Ich hab einen nicht mehr so schnellen Rechner (1.4GHz) aber er funktioniert soweit zuverlässig.
Unter Netbeans habe ich eine kleine Oberfläche für ein Projekt gemacht und ist nicht allzu komplex. Im Panel habe ich auch 4 JSlider. Nun dachte ich mir ich werde jetzt die Namen aller Variablen verändern sodass ich nicht immer schauen muss zuwas z.B. JSlider4 dazugehört sondern heißt z.B. JSGruen. Das funktioniert auch alles wie gehabt nur dass er mir jetzt alle Slider auf die gleiche Farbe setzt. Beim einladen des Projects muss ich immer wieder die Farben anpassen obwohl ich diese abspeichere und das jar File neu generieren lasse. Nach dem Start aus der NetBeans-GUI immer wieder das gleiche Problem. Alle Slider haben die gleiche Farbe. Ich hatte vor Jahren ein ähnliches Problem wobei aber keine Fehlermeldung kam, sondern der Speicher war halt knapp und das Programm hatte Probleme. Mein Rechner hat jetzt 1GB und swapt halt entsprechend was aber nichts ausmachen sollte. Auch wenn ich aus der Console über java -jar JarFile.jar aufrufe stimmen die Farben nicht. Gibt es eine Möglichkeit z.B. wie bei C das Modell von Small auf Medium oder ähnliches zu setzen.
Wer kann mir helfen ?

    Gruß Uli


----------



## U2nt (16. Jan 2010)

Änderst du die Namen der Variablen im Properties Fenster oder direkt im Source?


----------



## ub007 (16. Jan 2010)

Hi !

Ich ändere es in den Properties damit er den Source gleich anpaßt.

    Gruß Uli


----------



## MQue (18. Jan 2010)

>> Gibt es eine Möglichkeit z.B. wie bei C das Modell von Small auf Medium oder ähnliches zu setzen.

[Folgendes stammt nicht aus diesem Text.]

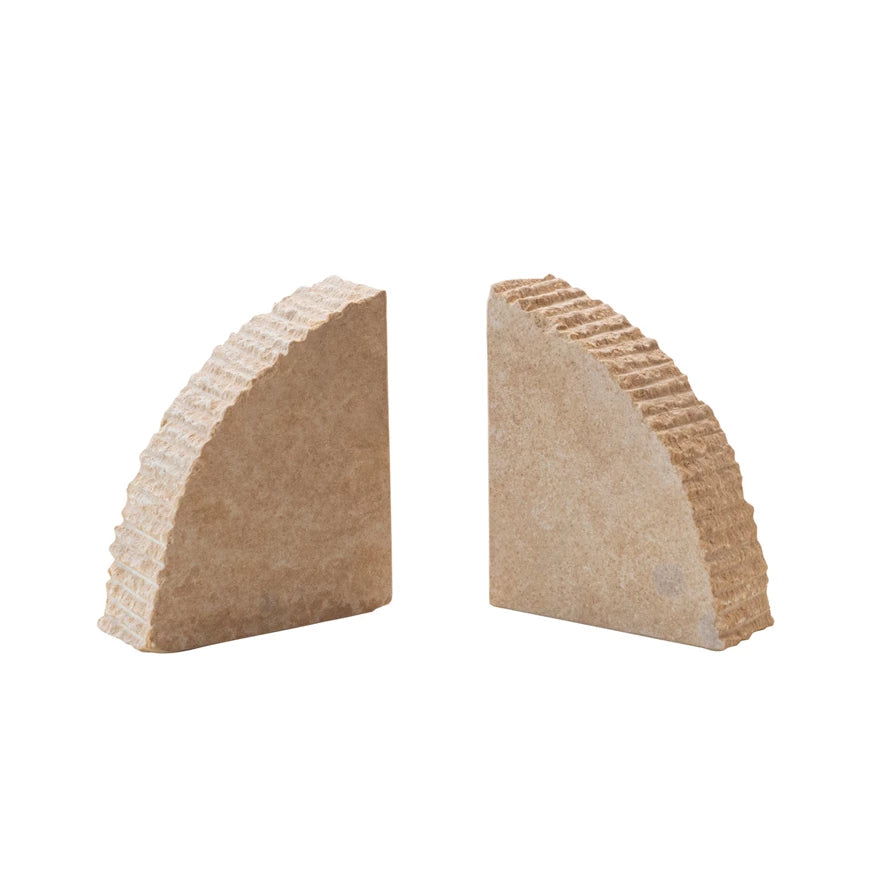 Stylish Sandstone Bookends for Shelves - Heavy Duty Decorative Book Holders for Home & Office - Perfect for Organizing Books, Displaying Decor, and Gifting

Das musst du näher erklären, 
Ich vermute mal, dass es ein Programmierfehler ist, zeig mal relevanten Code.


----------



## ub007 (18. Jan 2010)

Hallo !

Also Programmierfehler ist es definitiv nicht, sonst würde es ja gleich vom Compiler angemeckert werden.
Die Anwendung läuft ja auch so wie es sein soll, nur nachdem ich das Projekt lade haben alle Slider die gleiche Farbe. D.h. ich muss dann ale Slider wieder die richtige Farbe zuweisen. Allerdings nachdem ich aus Netbeans starte sind alle Slider wieder einfarbig.
------
Ich hab es gerade eben gefunden. Jein - es war nur ein halber Programmierfehler. Ich weiß aber woran es lag. Ich habe am Anfang im Properties bei Name den Variablennamen vergeben. Irgendwie wollte ich das nicht und hab alle Namen mit Backspace gelöscht was zum Resultat führt dass er überall bei JSlider.setName(""); eingetragen hat. Selbst nachdem ich in Netbeans die Namen unter Change Name neu vergeben habe wude unter JSlider.setName("") nichts eingetragen. Jetzt frage ich mich warum der Compiler die Namen nicht korrigiert hat - aber eigentl. nicht mehr so wichtig. Jetzt funzt es.

Gruß Uli


----------